Риэр обхватил его руками, прижал к себе так крепко, что еще чуть-чуть и, казалось, готовы были затрещать ребра. Но Зяблик не дернулся, опустил голову принцу на плечо, и тот вдохнул пряно-сладкий аромат его волос. Момент был вопиюще неподходящим.
— Я люблю тебя, — вдруг выдохнул принц, и Зяблик ответил ему — без паузы и раздумий, словно сам давно готовился это произнести и не подобрал лучшего случая:
— Я тоже тебя люблю.
Они простояли так, обнявшись, несколько долгих минут — а, может, и целый час, не чувствуя необходимости ни поцеловаться, ни выпустить друг друга из рук. Слова были сказаны, но они ровным счетом ничего не изменили. Риэр любил Зяблика и до них — сегодня утром, вчера, год назад, а, может быть, и тогда еще, когда сама мысль о любви еще не приходила ему в голову. Сердце знало, и для него неподходящего времени не существовало.
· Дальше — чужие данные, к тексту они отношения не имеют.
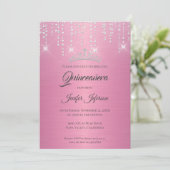 Invitation Parties scintillant argent coulant Quinceanera Inv (Debout devant)
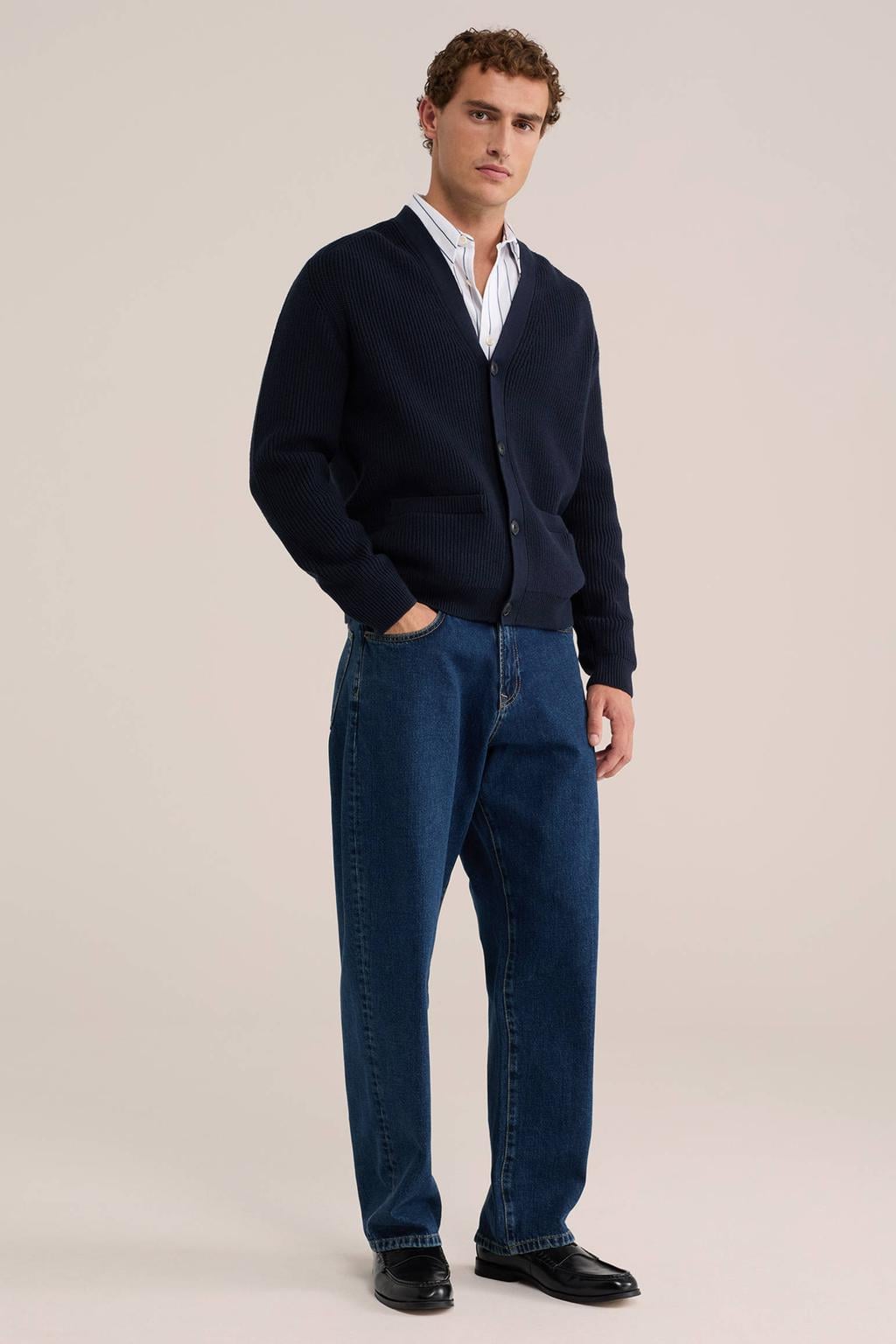 Donkerblauwe heren WE Fashion katoenen gebreid vest met lange mouwen, V-hals en knoopsluiting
Риэр отпустил Юлиана, когда тот, вздрогнув, тяжело вздохнул. Принц на миг испугался, что разглядит в любимых глазах слезы — о том, что еще не случилось, но чему неминуемо суждено было произойти. Но Зяблик улыбнулся.
— Хочешь, я сыграю тебе новую песню? — предложил он. Светлый, как раннее утро Беллетейна, легкий, как вдох после первого поцелуя, Зяблик просто не умел отчаиваться и грустить долго. Он во всем и всегда умел находить радость, даже когда мгла сгущалась так сильно, что выхода из нее было не найти. И сейчас Риэр был ему очень благодарен за это простое и, может быть, не слишком уместное предложение.
— Похабную? — поинтересовался он, направляясь в дальний конец спальни и на ходу стаскивая с плеч куртку, — опять что-то про метиннских куртизанок и их расценки?
— За кого ты меня принимаешь! — воскликнул Зяблик возмущенно, но потом снова рассмеялся. — Нет, я написал песню для Леи. Она в последнее время такая грустная — и немудрено.
— Немудрено, — подтвердил Риэр. Он стянул с ног сапоги, отшвырнул их в сторону и опустился на кровать. Зяблик устроился рядом, беря в руки лютню. Тонкие ловкие пальцы проскользнули по новым струнам, извлекли долгий мелодичный звук. Юлиан критически нахмурился, подтянул колки, снова пробежался по струнам, и наконец удовлетворенный, кивнул, прикрыл глаза и запел:
— Эта схема проста: дверь открыть невидимкой-заколкой,
И забыв постучаться, неслышно, как темень, войти.
Для меня эта ночь стала слишком холодной и колкой —
Я хотел бы запомнить, до куда нам с ней по пути, — голос Зяблика поначалу звучал тихо и как-то несмело, но с каждой новой строчкой набирал силу и словно, опускаясь вглубь, вырывался, как горный родник из пролома в скале.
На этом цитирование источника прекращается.